When the Dubs get to the third hand­pass they, like all oth­ers, may just turn and kick the ball back­wards; this rule change can­not pre­vent that. Only a rule — as in bas­ket­ball — where you could not play the ball back over half­way would solve that one but putting some­thing like that in at this time could mean in­for­ma­tion over­load and the GPA would need more ex­penses for that.

In do­ing some good by in­tro­duc­ing these new rules last week­end, the Cen­tral Coun­cil missed an op­por­tu­nity to do even more good. The worst de­ci­sion by a coun­try mile that was made last week, and has hardly got any at­ten­tion, was throw­ing out the mo­tion from Roscom­mon look­ing to have a fresh look at fix­tures.

What sort of peo­ple could just turn their backs on this pro­gres­sive move? What was there to lose? The GAA at cen­tral level have made a mor­tal en­emy of the CPA by their carry-on. This could end in tears. It was dis­ap­point­ing that the GPA did not vent their dis­plea­sure over this.

That mo­tion should have been car­ried unan­i­mously but there are many GAA of­fi­cials who want to scut­tle the CPA rather than show a bit of kind­ness.

The ba­sic re­quest was that a group would get to­gether who would take the blank-can­vas ap­proach to draw­ing up a com­plete fix­ture list and then re­port back to Cen­tral Coun­cil. Ob­vi­ously all the power blocks — like the provin­cial coun­cils — de­cided that this was too big a threat to coun­te­nance as it might step on their del­i­cate toes. Shame on you all. Tin­ker­ing with the edges of a bro­ken sys­tem solves noth­ing. That is all that is hap­pen­ing now.

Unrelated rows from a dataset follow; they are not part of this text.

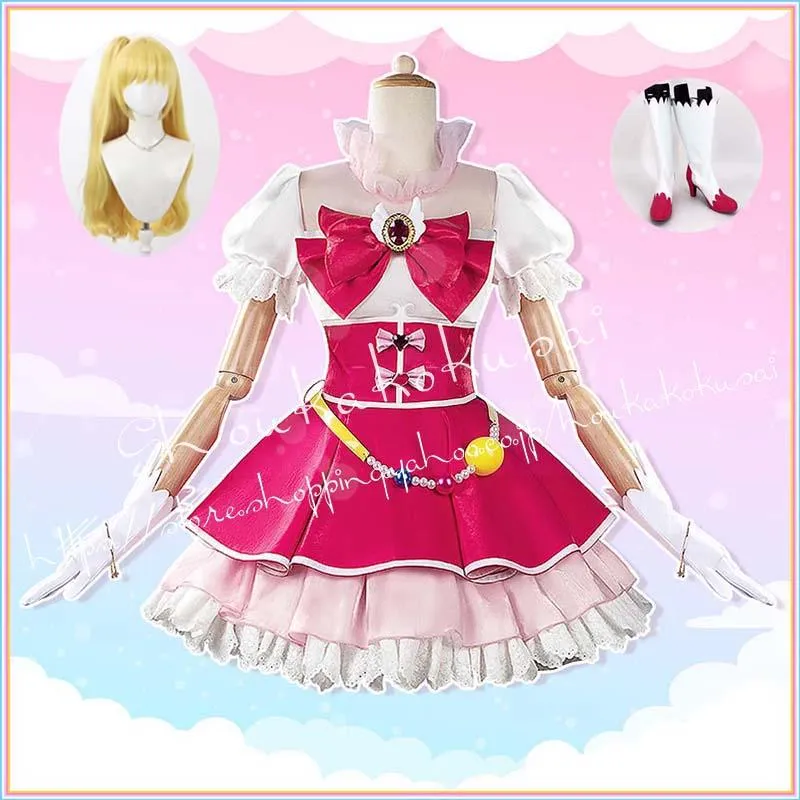 魔法つかいプリキュア 朝日奈みらい キュアミラクル Cure Miracle コスプレ衣装 ウィッグ 靴 ハロウィン クリスマス 祭り イベント 変装活動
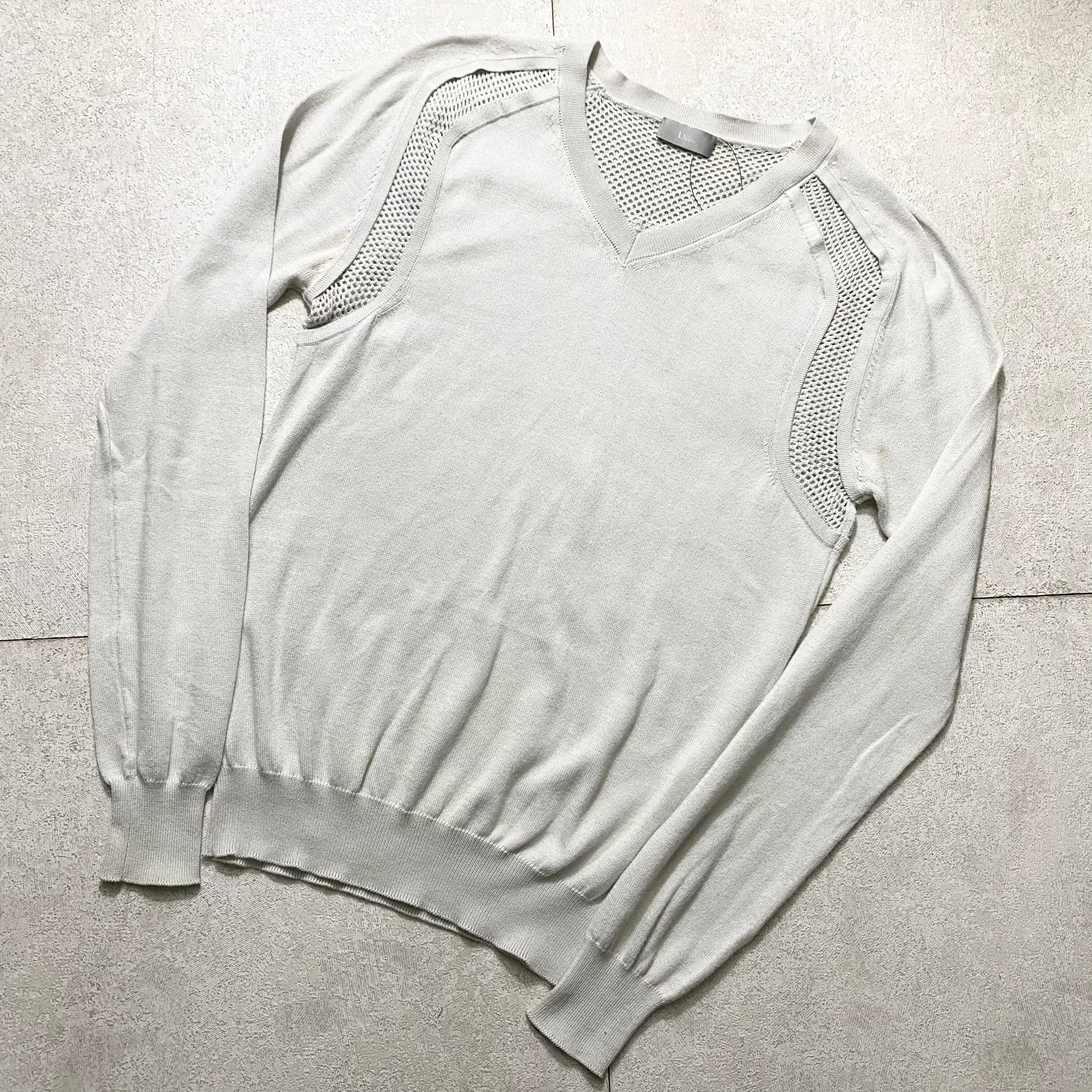 2010SS DIOR HONME mesh switching V-neck knit sweater | NOIR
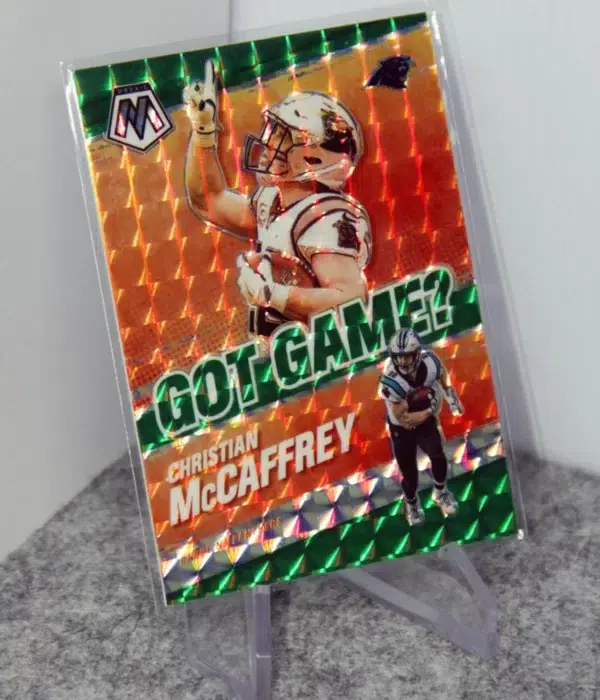 2021 Christian McCaffrey #GG-10 Panini Mosaic Football Got Game Green Prizm - stand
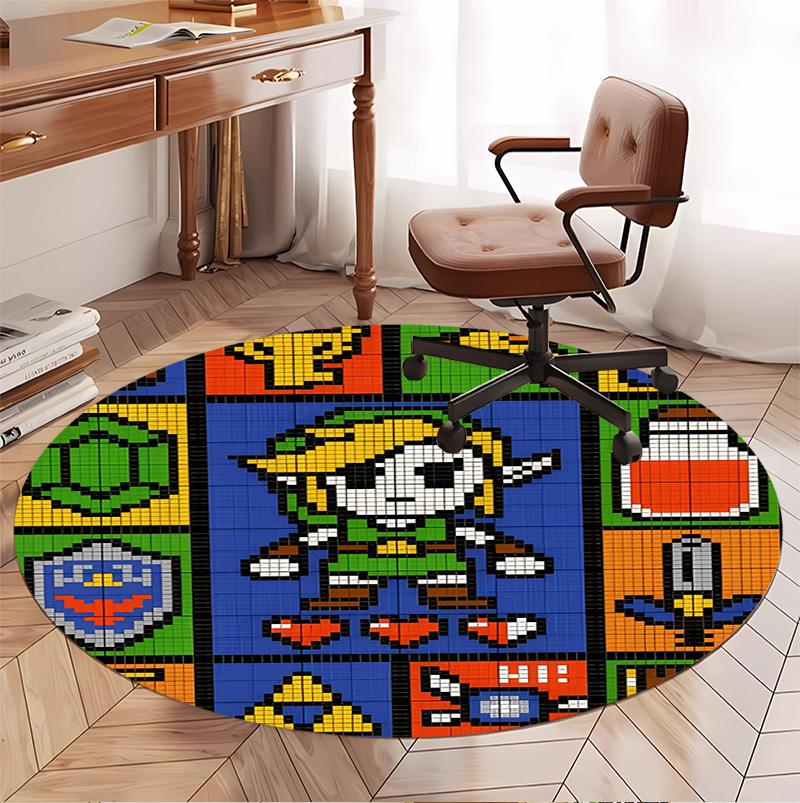 The Legend of Zelda Pattern Round Rug, Indoor/Outdoor Mat, for Picnic, Gameroom, Bedroom, Office, Living Room, Home Decor Carpet, Birthday Gift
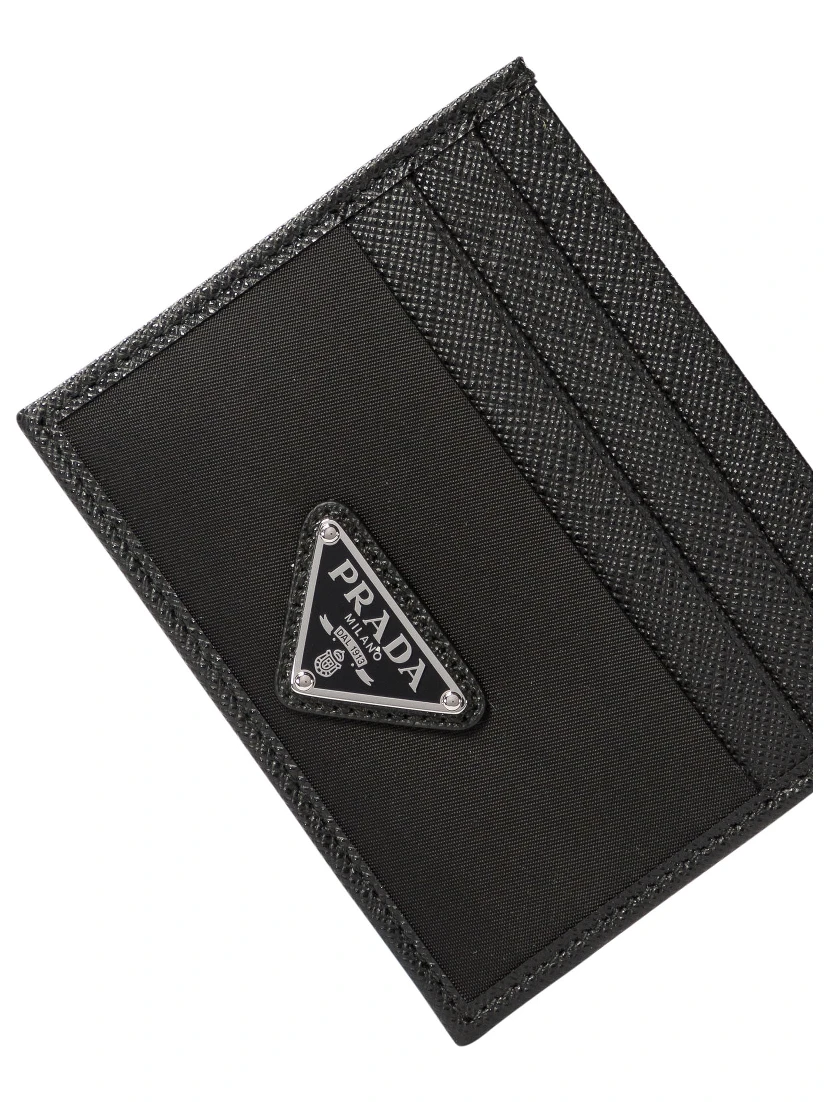 Re-Nylon and Saffiano leather cards holder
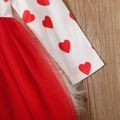 Toddler Girl Ruffled Schiffy Heart Print Bowknot Design Mesh Dress Set Red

When Páraic Duffy tried to free up April it may have been the right in­ten­tion but it was doomed to fail­ure with­out a cen­tral au­thor­ity over­see­ing all fix­tures. On this mo­tion the GPA should have been com­ing out with all guns blaz­ing in sup­port of the CPA. In­stead they tried to shoot the rules mes­sen­ger. They missed that tar­get un­less Cen­tral Coun­cil cave in. Could hap­pen too.